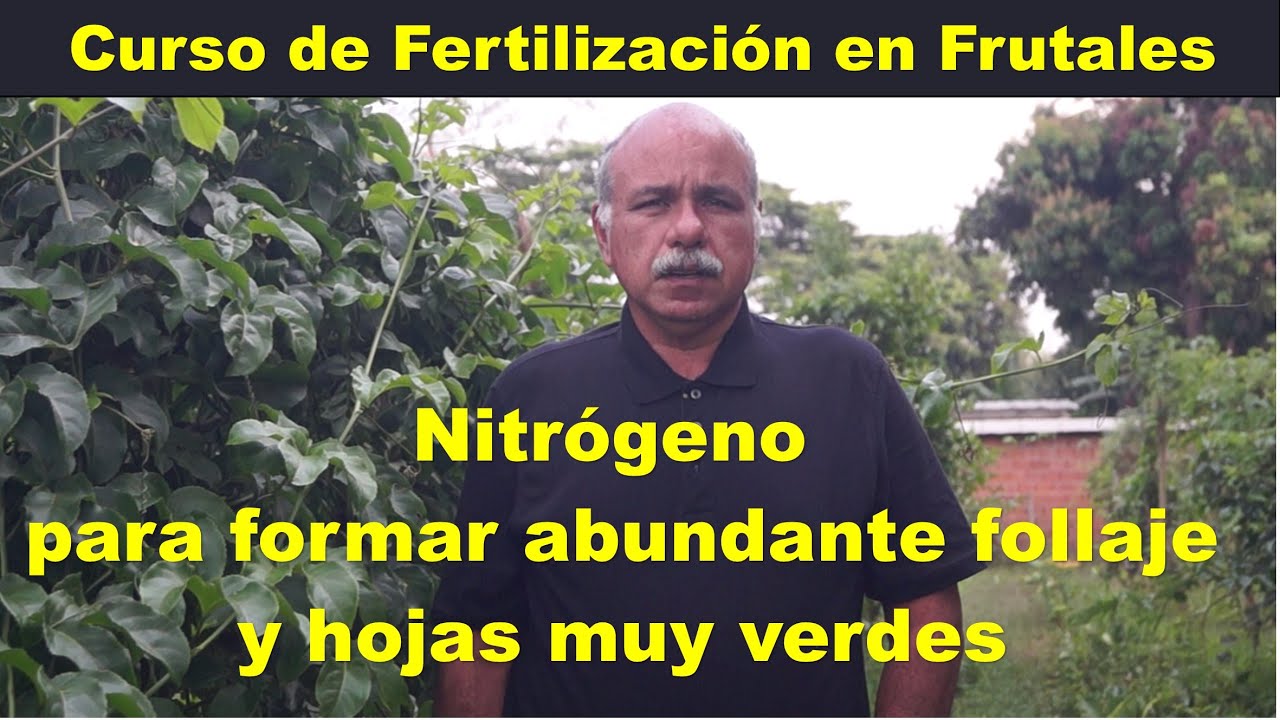 Nitrógeno para producir mucho follaje verde oscuro en Maracuya, Curso de Fertilización en Frutales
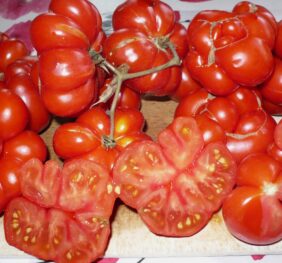 Tomate Voyage :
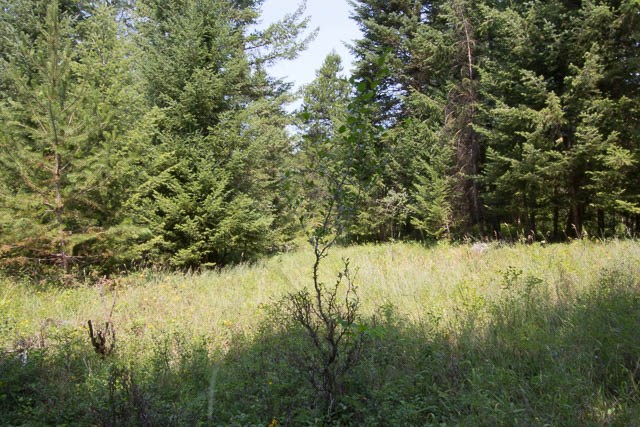 35926 North Conklin Road Elk, WA 99009 - Photo 13 of 15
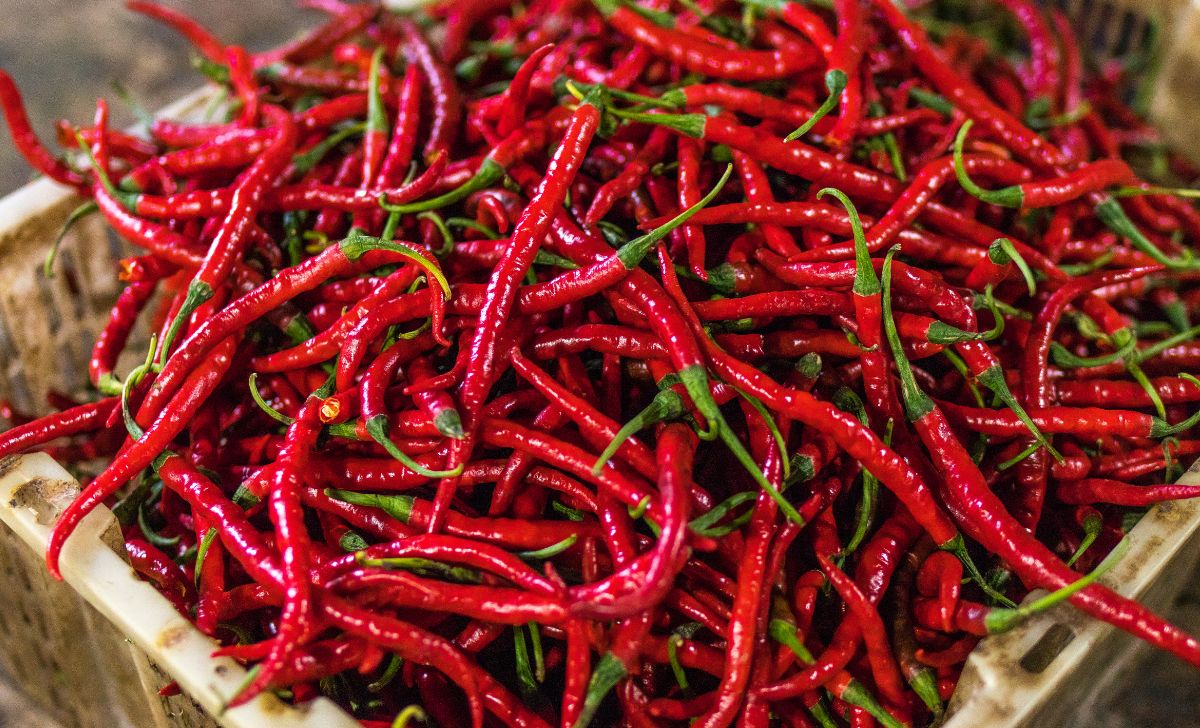 Jelang Idul Adha, Harga Cabai dan Bawang Turun di Pasar Jakarta-Tangerang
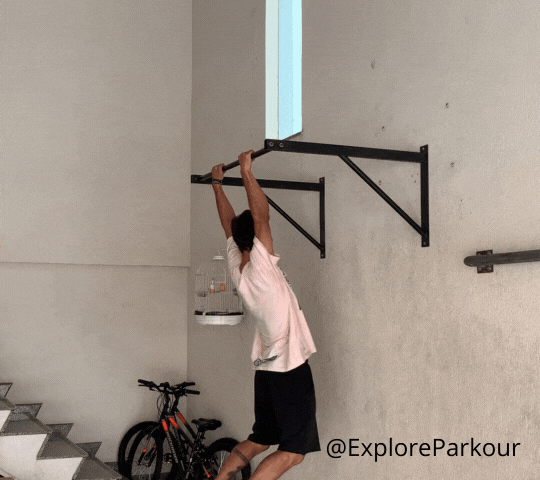 exercise dyno pull up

HOW TO COMPLETE THIS TASK: With the pictures excluded, the records are to be reproduced exactly.

OUTPUT FOR THIS EXERCISE:
 Nitrógeno para producir mucho follaje verde oscuro en Maracuya, Curso de Fertilización en Frutales
 Tomate Voyage :
 35926 North Conklin Road Elk, WA 99009 - Photo 13 of 15
 Jelang Idul Adha, Harga Cabai dan Bawang Turun di Pasar Jakarta-Tangerang
 exercise dyno pull up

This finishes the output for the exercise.